Me sentei em uma pedra, que estava servindo de cadeira improvisada, e a garota sentou do meu lado.

–Pegamos um pouco de comida da sua mochila, se não se importa -Disse ela, sorrindo

Olhei para meu arco pendurado em uma árvore com uma das flechas quebradas jogada ao chão.

–Não me importo nenhum pouco -não pude deixar de sorrir, de novo -Não estaria aqui se não fosse por vocês

–Terá tempo para agradecer depois, querido... -Disse a senhora mordendo ferozmente a coxa assada do cervo -Sou Helen Johnson, e essa é minha sobrinha Elizabeth

–Mas pode me chamar de Liz -disse ela, mordiscando a carne do cervo.

Aquelas duas me traziam uma unica sensação de conforto, que eu não sentia desde que tudo começou. Esperava mesmo poder passar mais tempo com elas. Ou será que vão me tirar do acampamento ao amanhecer?

–Obrigado, senhora Johnson -Disse, terminando os feijões -Sou Drian Benson

–É um prazer, Drian, mesmo no fim do mundo -Disse Liz, também terminando seu prato

–Nah, é todo meu, moça bonita. -Respondi

Liz ficou corada

–Bem, crianças. Está na hora de irmos dormir -Exclamou a senhora Johnson
Quando parei para observar, vi que no telhado de um barracão de pesca de dois andares, tinham estendidos três sacos de dormir e uma vela acesa no canto de cada um.

Senhora Johnson já tinha juntado as coisas da refeição e estava indo na direção do barracão, e depois subiu as escadas até o telhado e se jogou em baixo das cobertas do saco de dormir com seu peso e tudo.

–Vocês duas não tem medo dos Mortos-Vivos?
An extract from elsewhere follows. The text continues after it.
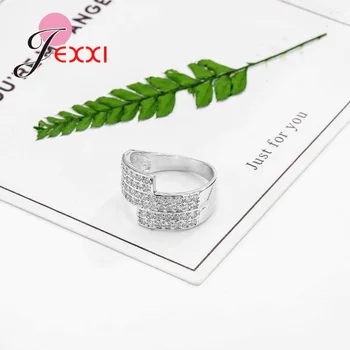 JEXXI White Crystal Žiedai Moterų Karšto Pardavimo 925 Sterlingas Sidabro Cirkonis Žiedas 3 Eilės Naujausias Papuošalai, Vestuvių, Kalėdų Dovanos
–Apenas quando encontramos eles -Respondeu Liz -Mas eles nunca nos encontram

–Por que?

–Talvez eles tenham medo da gente- Respondeu a garota de novo, sorridente

–Então vamos...

Liz também foi na direção do barracão e eu fui atrás dela. Subimos as escadas, e ela delicadamente deitou em baixo de três cobertas no saco de dormir.

–As noites daqui são frias... Boa noite, moço bonito -Disse a garota bocejando

Tratei logo de me deitar no meu, antes que ficasse mais tarte

–Boa noite, Liz.

Naquela noite, não consegui dormir muito. Apenas ficava olhando para as estrelas, que naquela zona rural, estavam ainda mais lindas.